La communauté internationale pousse à une annonce rapide des résultats de l'élection présidentielle en Afghanistan, craignant que les retards et les soupçons de fraude massive ne fassent le jeu des talibans, qui ne cessent d'intensifier leurs violences dans tout le pays.

La Commission des plaintes électorales afghane (ECC), qui enquête sur des milliers de possibles irrégularités, a annulé jeudi les bulletins de 83 bureaux de vote sur 25 450 au total pour des fraudes aux scrutins présidentiel et provinciaux du 20 août. L'annonce a provoqué l'inquiétude des pays occidentaux, qui craignent des résultats non crédibles alors que leurs opinions publiques sont de plus en plus hostiles à l'engagement militaire en Afghanistan.

Le ministre britannique des Affaires étrangères David Miliband s'est ainsi dit «préoccupé» par ces «très graves accusations de fraude».

Il a surtout reconnu que la lenteur de l'annonce des résultats était difficile à comprendre par la population du Royaume-Uni, où la procédure ne dure que quelques heures.

L'autre autorité électorale afghane, la Commission indépendante électorale (IEC), diffuse depuis le 25 août des résultats partiels au compte-gouttes. Les derniers, sur plus de 90% des bureaux de vote, plaçaient le président sortant Hamid Karzaï (54,1%) devant l'ancien ministre des Affaires étrangères Abdullah Abdullah (28,3%).

Les résultats sur 100% des bureaux devraient être annoncés samedi, mais ils ne deviendront officiels qu'au terme des enquêtes sur les fraudes, qui risquent de prendre du temps.

L'IEC a précisé vendredi que jusqu'à 500000 bulletins de vote pourraient faire l'objet d'investigations pour fraude.

La date-butoir pour la proclamation officielle des résultats est théoriquement le 17 septembre, mais de nombreux observateurs craignent un délai supplémentaire.

Washington a ainsi estimé que plusieurs mois pourraient s'écouler avant que l'on puisse proclamer un vainqueur.

«Je ne pense pas que le processus durera aussi longtemps, du moins je l'espère», car «ceux qui tirent un avantage de tout cela (...) sont les talibans et Al-Qaeda», a déclaré jeudi l'émissaire américain pour l'Afghanistan, Richard Holbrooke.

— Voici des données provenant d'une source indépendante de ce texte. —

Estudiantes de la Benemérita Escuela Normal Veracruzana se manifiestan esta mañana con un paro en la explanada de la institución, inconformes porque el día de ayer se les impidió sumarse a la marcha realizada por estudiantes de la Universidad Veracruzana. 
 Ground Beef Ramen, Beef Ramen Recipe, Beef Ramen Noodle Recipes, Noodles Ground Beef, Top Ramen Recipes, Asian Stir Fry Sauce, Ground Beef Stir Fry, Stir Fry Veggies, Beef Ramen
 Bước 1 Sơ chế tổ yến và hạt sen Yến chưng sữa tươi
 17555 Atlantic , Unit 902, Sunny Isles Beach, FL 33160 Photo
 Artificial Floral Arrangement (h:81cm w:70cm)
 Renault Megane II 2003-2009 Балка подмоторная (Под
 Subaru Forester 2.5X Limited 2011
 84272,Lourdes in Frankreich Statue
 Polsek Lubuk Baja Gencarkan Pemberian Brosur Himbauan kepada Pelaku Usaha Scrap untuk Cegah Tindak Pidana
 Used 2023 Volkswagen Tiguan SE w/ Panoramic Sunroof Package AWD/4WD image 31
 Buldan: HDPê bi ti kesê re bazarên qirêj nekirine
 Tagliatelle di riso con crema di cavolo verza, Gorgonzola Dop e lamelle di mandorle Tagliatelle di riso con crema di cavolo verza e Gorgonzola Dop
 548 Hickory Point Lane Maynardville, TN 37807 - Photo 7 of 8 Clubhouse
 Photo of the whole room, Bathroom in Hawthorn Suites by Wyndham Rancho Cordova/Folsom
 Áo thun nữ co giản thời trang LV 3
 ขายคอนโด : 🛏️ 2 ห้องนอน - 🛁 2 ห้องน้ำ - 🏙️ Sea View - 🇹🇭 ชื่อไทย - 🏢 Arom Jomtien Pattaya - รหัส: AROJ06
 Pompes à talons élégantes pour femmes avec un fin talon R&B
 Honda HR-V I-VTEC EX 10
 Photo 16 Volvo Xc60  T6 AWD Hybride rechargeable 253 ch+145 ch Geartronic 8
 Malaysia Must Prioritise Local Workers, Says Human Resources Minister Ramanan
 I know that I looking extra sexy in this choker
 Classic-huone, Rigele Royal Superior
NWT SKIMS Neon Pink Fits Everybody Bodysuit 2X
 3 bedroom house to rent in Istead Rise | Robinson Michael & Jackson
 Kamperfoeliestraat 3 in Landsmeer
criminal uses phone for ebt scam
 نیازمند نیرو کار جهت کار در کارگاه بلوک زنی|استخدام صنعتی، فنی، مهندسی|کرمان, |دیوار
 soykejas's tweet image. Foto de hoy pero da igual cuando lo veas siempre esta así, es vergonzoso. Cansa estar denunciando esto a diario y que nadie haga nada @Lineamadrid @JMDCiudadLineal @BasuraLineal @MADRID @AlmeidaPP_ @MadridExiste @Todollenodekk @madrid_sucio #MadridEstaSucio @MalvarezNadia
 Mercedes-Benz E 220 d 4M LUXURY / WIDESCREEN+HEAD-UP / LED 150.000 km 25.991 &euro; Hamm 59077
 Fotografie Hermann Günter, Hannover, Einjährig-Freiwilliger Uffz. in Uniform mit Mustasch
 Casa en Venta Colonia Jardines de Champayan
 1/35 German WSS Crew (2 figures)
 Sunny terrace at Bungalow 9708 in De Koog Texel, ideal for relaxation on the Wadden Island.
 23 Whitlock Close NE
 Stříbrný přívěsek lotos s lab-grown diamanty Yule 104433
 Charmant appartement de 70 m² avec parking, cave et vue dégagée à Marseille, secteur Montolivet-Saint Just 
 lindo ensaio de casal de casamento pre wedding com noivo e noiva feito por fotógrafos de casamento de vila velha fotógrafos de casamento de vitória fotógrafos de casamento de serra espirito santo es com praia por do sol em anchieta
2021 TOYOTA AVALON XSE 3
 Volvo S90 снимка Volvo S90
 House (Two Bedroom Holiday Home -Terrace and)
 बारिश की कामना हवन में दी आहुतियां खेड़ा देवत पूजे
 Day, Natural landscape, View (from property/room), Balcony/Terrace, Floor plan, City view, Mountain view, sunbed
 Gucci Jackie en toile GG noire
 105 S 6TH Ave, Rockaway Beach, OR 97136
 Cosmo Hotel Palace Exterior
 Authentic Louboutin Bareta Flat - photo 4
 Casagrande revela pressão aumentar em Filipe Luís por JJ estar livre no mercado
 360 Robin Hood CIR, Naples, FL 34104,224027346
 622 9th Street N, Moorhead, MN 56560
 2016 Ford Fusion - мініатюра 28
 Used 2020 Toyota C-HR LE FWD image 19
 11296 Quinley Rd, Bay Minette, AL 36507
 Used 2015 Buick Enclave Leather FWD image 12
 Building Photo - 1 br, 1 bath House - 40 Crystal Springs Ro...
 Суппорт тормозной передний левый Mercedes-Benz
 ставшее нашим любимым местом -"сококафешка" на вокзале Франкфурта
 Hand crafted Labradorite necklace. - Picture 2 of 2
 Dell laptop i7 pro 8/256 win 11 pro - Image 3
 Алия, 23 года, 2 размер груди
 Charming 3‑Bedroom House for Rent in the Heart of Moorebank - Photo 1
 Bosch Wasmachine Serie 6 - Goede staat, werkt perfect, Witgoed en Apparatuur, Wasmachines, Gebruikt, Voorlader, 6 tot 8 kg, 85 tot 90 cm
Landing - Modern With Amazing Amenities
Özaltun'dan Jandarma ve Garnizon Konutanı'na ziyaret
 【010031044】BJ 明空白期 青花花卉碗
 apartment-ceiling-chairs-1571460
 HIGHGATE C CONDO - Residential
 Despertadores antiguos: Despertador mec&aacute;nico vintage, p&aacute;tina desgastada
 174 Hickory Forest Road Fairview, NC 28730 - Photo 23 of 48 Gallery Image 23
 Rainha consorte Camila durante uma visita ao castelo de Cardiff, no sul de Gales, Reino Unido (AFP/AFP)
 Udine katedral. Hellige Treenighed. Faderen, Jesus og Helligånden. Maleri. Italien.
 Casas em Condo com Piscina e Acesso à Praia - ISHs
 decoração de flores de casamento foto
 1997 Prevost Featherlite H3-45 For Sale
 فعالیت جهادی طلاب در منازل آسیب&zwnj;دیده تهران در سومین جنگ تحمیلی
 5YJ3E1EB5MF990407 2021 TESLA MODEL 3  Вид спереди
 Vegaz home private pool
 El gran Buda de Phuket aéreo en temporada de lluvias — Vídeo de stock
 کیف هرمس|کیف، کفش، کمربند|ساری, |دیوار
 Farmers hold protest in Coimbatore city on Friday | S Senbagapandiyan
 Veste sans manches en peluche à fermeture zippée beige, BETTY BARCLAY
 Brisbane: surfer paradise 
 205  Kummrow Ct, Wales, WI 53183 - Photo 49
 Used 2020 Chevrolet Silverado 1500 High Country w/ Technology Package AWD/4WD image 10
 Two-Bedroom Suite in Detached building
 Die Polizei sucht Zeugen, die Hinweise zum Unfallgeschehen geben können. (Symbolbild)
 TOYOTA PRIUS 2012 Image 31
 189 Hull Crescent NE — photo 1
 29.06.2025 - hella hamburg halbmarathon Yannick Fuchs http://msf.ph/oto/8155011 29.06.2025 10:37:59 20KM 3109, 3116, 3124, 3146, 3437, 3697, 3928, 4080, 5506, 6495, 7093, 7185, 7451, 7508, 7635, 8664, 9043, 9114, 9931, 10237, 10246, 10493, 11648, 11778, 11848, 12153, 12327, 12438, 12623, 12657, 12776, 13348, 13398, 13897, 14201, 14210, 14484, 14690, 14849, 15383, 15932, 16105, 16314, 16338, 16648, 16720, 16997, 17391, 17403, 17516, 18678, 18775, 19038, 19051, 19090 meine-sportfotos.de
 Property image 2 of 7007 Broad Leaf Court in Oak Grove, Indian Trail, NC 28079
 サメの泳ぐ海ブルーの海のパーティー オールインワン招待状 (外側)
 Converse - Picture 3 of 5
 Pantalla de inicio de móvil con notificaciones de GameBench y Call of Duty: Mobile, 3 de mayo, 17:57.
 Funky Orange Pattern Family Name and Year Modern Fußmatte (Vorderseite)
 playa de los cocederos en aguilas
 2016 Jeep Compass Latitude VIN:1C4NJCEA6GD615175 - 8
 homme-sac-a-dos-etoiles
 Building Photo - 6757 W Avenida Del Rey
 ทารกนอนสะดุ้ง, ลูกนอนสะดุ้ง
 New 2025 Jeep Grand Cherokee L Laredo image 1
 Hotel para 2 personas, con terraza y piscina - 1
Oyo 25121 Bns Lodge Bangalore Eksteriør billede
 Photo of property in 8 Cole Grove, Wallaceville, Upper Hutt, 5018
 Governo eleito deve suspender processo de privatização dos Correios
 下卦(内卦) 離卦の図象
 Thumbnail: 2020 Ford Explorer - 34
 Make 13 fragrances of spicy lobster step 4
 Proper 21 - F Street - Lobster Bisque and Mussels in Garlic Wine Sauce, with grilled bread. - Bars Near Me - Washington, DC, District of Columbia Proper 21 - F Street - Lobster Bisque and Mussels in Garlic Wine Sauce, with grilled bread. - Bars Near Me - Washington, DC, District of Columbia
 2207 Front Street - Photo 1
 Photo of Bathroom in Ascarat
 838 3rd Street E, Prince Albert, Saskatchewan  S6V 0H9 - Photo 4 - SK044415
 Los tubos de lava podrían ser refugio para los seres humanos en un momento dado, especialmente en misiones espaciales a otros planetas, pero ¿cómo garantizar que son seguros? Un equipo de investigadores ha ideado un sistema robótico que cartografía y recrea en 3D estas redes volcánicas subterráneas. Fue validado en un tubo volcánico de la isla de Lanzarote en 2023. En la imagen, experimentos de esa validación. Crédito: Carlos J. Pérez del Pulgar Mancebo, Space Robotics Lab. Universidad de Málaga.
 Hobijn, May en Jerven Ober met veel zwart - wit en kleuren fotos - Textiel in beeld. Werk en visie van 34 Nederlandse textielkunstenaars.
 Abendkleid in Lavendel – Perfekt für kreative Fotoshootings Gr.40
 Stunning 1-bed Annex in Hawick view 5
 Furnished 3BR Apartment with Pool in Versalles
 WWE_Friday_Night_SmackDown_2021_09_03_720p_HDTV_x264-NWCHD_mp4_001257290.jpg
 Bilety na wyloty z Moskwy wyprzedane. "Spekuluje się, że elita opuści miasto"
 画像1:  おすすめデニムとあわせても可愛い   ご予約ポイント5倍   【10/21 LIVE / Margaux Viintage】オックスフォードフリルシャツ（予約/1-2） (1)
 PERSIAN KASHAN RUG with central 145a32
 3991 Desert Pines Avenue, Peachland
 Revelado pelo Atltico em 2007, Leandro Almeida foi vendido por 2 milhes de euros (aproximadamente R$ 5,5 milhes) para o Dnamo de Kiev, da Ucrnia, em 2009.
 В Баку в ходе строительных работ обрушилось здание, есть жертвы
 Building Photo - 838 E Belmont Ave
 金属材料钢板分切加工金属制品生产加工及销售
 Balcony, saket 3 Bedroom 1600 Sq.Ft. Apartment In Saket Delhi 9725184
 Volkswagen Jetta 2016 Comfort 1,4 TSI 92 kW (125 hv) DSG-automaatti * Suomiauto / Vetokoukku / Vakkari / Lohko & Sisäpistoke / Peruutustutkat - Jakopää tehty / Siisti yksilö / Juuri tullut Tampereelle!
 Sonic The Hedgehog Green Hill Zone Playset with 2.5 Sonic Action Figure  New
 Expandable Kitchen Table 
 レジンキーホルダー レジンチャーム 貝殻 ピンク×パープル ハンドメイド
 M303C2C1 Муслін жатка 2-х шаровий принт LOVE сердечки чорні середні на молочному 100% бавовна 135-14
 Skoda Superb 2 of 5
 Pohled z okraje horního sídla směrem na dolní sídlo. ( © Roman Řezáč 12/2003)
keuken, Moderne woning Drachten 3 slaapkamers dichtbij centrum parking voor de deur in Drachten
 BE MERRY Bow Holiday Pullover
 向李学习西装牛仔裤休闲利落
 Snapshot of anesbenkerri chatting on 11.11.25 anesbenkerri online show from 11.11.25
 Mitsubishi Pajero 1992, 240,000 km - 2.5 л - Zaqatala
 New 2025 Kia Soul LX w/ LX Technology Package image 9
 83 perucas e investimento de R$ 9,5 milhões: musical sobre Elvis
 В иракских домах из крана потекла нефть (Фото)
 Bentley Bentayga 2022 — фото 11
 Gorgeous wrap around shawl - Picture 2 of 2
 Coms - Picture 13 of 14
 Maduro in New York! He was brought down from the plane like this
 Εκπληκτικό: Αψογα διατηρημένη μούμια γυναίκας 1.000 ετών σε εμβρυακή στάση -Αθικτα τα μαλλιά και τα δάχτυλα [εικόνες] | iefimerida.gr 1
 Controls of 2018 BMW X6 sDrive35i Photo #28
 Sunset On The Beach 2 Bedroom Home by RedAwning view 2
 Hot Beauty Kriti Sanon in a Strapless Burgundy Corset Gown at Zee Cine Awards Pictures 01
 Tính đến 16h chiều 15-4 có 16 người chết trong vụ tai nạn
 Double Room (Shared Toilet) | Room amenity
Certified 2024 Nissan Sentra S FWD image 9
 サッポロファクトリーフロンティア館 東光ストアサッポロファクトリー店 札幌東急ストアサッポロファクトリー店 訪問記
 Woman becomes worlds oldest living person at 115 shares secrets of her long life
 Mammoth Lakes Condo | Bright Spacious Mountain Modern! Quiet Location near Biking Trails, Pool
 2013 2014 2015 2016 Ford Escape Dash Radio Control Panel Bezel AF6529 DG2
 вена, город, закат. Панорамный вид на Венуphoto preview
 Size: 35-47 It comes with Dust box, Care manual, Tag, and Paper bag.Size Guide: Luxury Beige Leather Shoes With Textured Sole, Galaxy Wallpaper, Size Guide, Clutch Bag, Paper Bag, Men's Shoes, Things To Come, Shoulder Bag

La crise politique couve depuis le lendemain du scrutin, lorsque MM. Karzaï et Abdullah avaient annoncé leurs victoires respectives, le second accusant le premier de fraude à grande échelle.

Parallèlement, les violences n'ont cessé de s'intensifier, avec des pertes records parmi les troupes étrangères, des attaques régulières contre des forces internationales dans Kaboul même, et une possible bavure de l'OTAN dans le nord, à Kunduz, où un raid aérien a fait des dizaines de morts, dont des civils.

Dans cette situation, «très mauvaise» selon un diplomate occidental à Kaboul, ses confrères croisent les doigts pour qu'un second tour ne soit pas nécessaire. Sinon, «on atteindrait les limites logistiques de l'État afghan», confiait récemment un responsable de l'ONU.

Un «think-tank» londonien, l'International Council on Security and Development (ICOS), a aussi exprimé sa crainte qu'au terme des enquêtes de l'ECC, qui pourraient durer «plusieurs semaines», il soit trop tard pour organiser un second tour dans les conditions éprouvantes du début de l'hiver.

«Cela repousserait le second tour au printemps», ce qui pourrait entraîner «une instabilité politique et une paralysie gouvernementale s'étirant sur de longs mois», ajoute l'organisation.

Plus optimiste, le diplomate occidental juge qu'«il y a eu ces derniers jours un bras de fer constitutionnel» entre l'IEC et l'ECC, qui s'est résolu «après une période de flottement», ce qui devrait dorénavant accélérer les choses.

Au final, «il y a un espoir d'arriver à un résultat crédible malgré tout» mais «personne n'est vraiment en mesure de dire ce qui va arriver», a-t-il ajouté.